Casper Tybjerg, Film Historian | 11 November 2019

Today, film and video are ubiquitous. It takes an active effort to avoid them. In the 1890s, however, “living pictures,” as they were known, were new and wondrous. In a few short years, film evolved into a new form of mass entertainment and a new art form. During this period, the pictures had no sound. It was only in the late 1920s that the necessary technology was developed to record and reproduce sound synchronised and amplified, and it was only when American movie studios saw a business advantage in the technology that sound films were ushered in. The period from the invention of cinema in the 1890s and up to around 1930 is the era of silent film.

Silent film as an attraction

The first living pictures were inherently appealing. Seeing reality reproduced with movement – photographs of trees with leaves fluttering in the breeze – was fascinating and enthralling. The new invention was soon featured alongside other attractions. Some of the first film screenings in Denmark took place in Copenhagen’s Tivoli Gardens amusement park. Films were soon on music hall playbills alongside singers and acrobats, or they were shown at markets and fairs next to lottery booths and shooting galleries. In the beginning, films were only around one minute long, and they often showed things that were spectacular in themselves: peoples in faraway lands, famous tourist attractions, dancers and acrobats, fire engines rushing to a fire, speeding trains, military parades and royalty.

The first living pictures were inherently appealing. Seeing reality reproduced with movement – photographs of trees with leaves fluttering in the breeze – was fascinating and enthralling.

The first films to be publicly shown – on Christmas Day 1897 – were Brandvæsnet rykker ud (The Fire Department Rushes to the Fire The Fire Brigade in Action) and Svanerne i Sortedamssøen (Swans in Sortedam Lake), filmed by Peter Elfelt, a court photographer who left extensive photo documentation of life in Copenhagen around 1900. As far as we know, the first film Elfelt ever shot was of the same type but with a more exotic subject: Kørsel med grønlandske Hunde / Driving with Greenland Dogs. Early cinema playbills also included more staged films, often small comical sketches, but over time more dramatic events, as well. In 1903, Elfelt made Henrettelsen / The Execution, inspired by a notorious murder case in which a French woman was sentenced to death and executed. Elfelt later said that he regretted making that sensational film.

Silent film music and colour

In 1904-5, cinemas began to flourish. Films had grown longer – 5 to 10 minutes, though never longer than 15 – and were usually included on playbills mixing films of different genres. Screenings were always accompanied by music. Music hall theatres had orchestras, while phonographs were sometimes used on fairgrounds. The first, small cinemas used to have a pianist, sometimes supplemented by a violinist or a couple of other musicians. The big palatial cinemas that were quickly put up in many major cities featured full orchestras. Films were still expected mainly to show spectacular events.
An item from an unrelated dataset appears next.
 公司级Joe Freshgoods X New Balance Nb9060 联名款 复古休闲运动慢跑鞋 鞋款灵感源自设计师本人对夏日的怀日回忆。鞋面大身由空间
Often, the films were coloured. Actual colour film was invented around 1910, but these films were difficult to make and project. Instead, black and white film footage was coloured. The most common technique was tinting, or toning, where the positive print was dyed a specific colour depending on the action: night scenes were blue, sunny scenes were amber yellow, fire scenes were red, etc. The use of this was so widespread that film stock manufacturers even sold pre-dyed film. Ildfluen / The Firefly and Dr. Nicholson og den blaa Diamant / Dr. Nicholson and the Blue Diamond include scenes where the film changes colour several times during a dance performance to mimic the effect of changing stage lighting.

Occasionally, films were hand coloured by painting the individual frames one by one with a brush. Considering that a film has roughly 1000 frames per minute, hand colouring was extremely labour-intensive and ill-suited for mass production. An alternative was stencil colouring, where, instead of colouring frames in different colours one by one, a hole was cut in a filmstrip which was placed on top of the print. When the colour was applied, only the section inside the hole in the stencil strip was dyed. This was repeated with different colours as a way to mass-produce colour films.
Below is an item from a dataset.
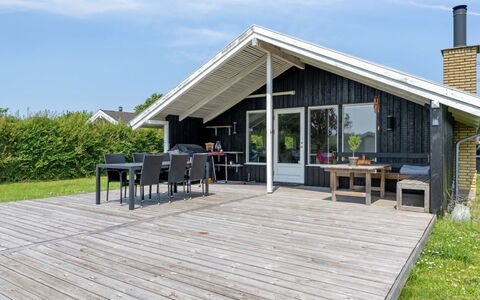 Guthmund - 400M from the Sea: Meubles, Design Intérieur, Sol, Sol, Plafond, Pièce, Chaise, Table, Appartement, Table Cuisine Et Salle A Manger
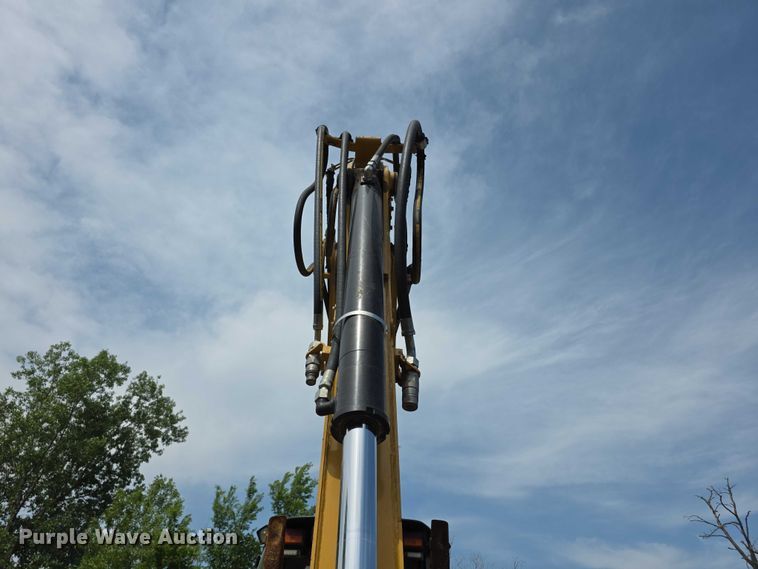 image for item FI0954 2011 Caterpillar 450E backhoe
Silent films as an entertainment industry

Stencil colouring was mainly used by the big French studios. French film pioneers recognised the potential of film as a mass media early on. With the Pathé film company leading the pack, film production became a real industry. Before the outbreak of World War I, Pathé, whose logo was the Gallic rooster, was the world’s biggest film studio.

With no recorded dialogue, films were easy to export. Making title cards, intertitles, in different languages was easy and inexpensive.

The market for film was international. With no recorded dialogue, films were easy to export. Making title cards, intertitles, in different languages was easy and inexpensive. Moreover, the format had been standardised early on. In America, Thomas Edison’s lab, which had started shooting films as early as 1893, settled on a film width of 35mm (1 3/8 inches) with four sprocket holes per frame. Edison’s attempt to patent protect the format was dismissed by a court in 1902, and the format was free for anyone to use. In 1909, it became the official international standard for theatrical films. The format prevailed for a century, until digital projection replaced photochemical film in cinemas in 2010. The international nature of cinema made it possible for studios from small countries to compete.

In Denmark, Ole Olsen founded Nordisk Films Kompagni in 1906. At the time, cinemas were springing up in cities and towns around the world, and demand for new films was booming. Cinemas often changed their playbill more than once a week, and in some places every day. Seizing the moment, Nordisk in Valby grew into one of the leading film studios in the world. While Pathé picked the Gallic rooster for its logo, Nordisk opted for a polar bear atop the globe. Since bootlegging was a pervasive problem until the introduction of copyright laws for films, Pathé, Nordisk and other studios sought to protect their films by placing their logos directly within their films’ decorations.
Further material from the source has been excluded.